_Exercise instructions_
The line containing "Glyph CFexpress memory" marks the start. Restate it and every following line through the end of the records exactly, and nothing else, leaving out the pictures.

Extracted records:
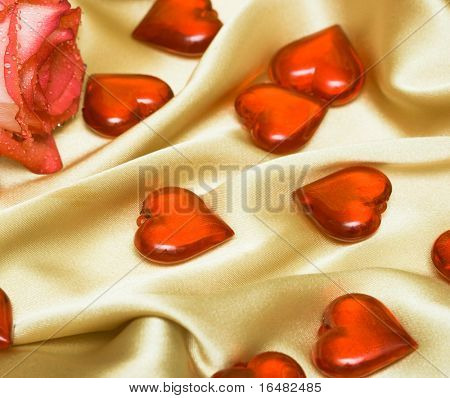 red rose on satin with hearts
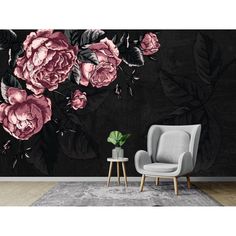 a living room with black and pink flowers on the wall next to a gray chair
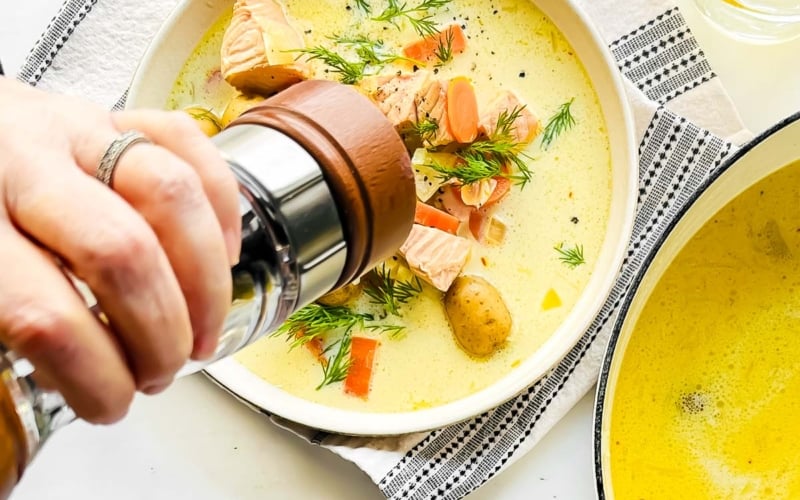 Adding fresh cracked black pepper to creamy lemon salmon soup.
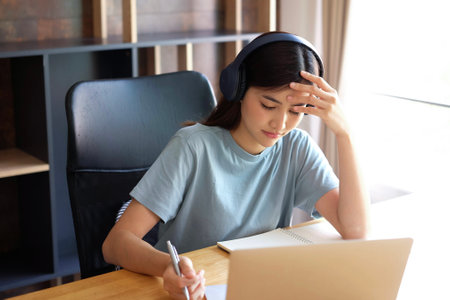 Young asian woman listening to music with headphones and using laptop.の写真素材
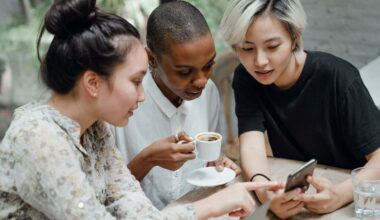 3-women-sitting-at-table-looking-at-phone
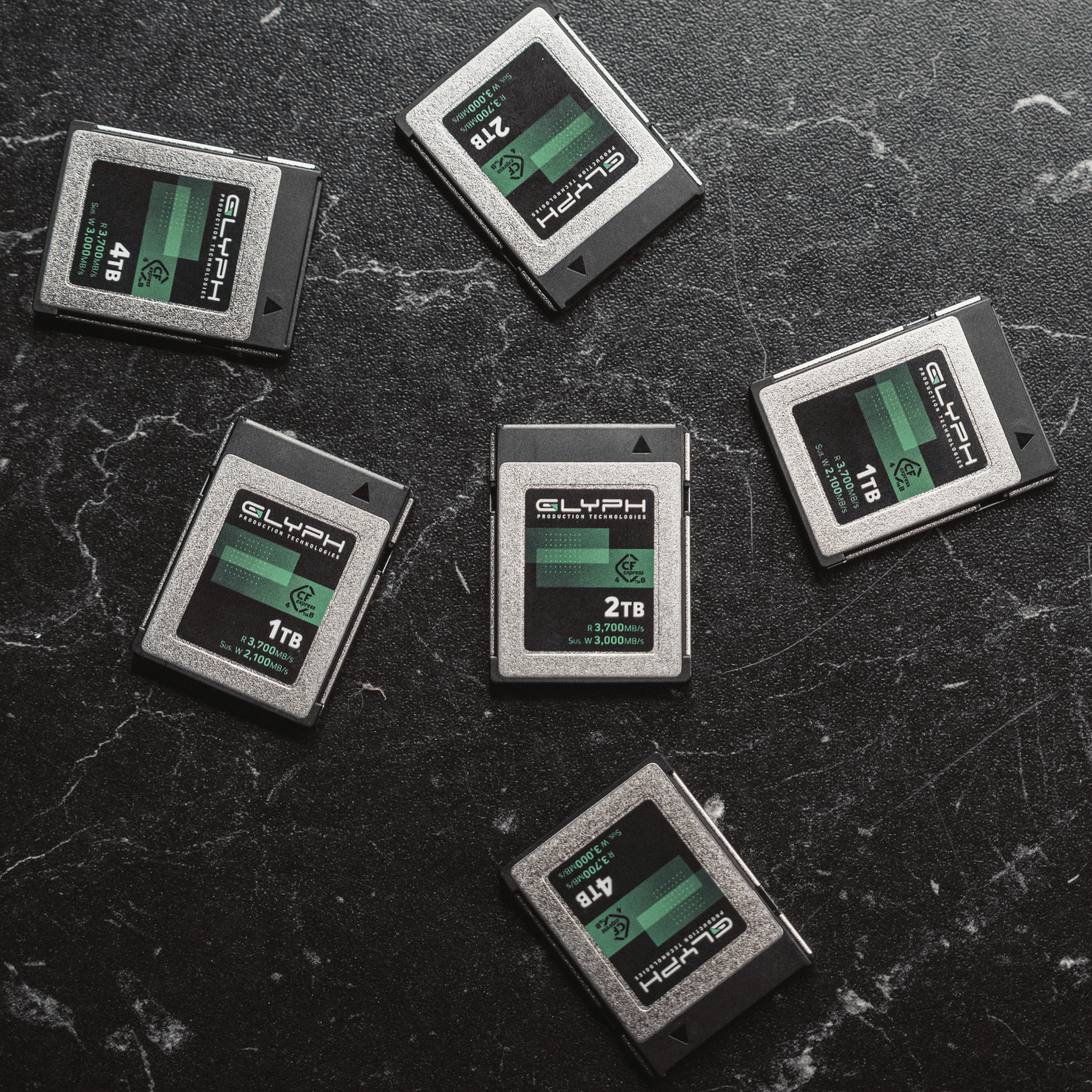 Glyph CFexpress memory cards on a textured black surface
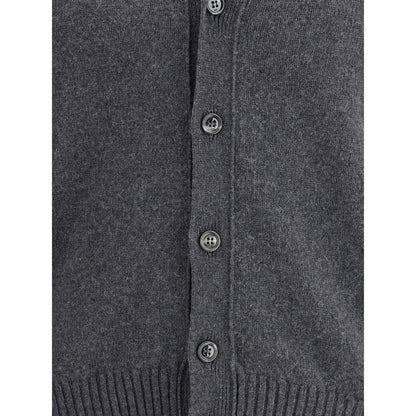 Buttoned front of the Ami Paris Gray Cashmere Cardigan with ribbed cuffs for a refined design and embroidered Ami De Coeur logo.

_Exercise answer_
 Glyph CFexpress memory cards on a textured black surface
 Buttoned front of the Ami Paris Gray Cashmere Cardigan with ribbed cuffs for a refined design and embroidered Ami De Coeur logo.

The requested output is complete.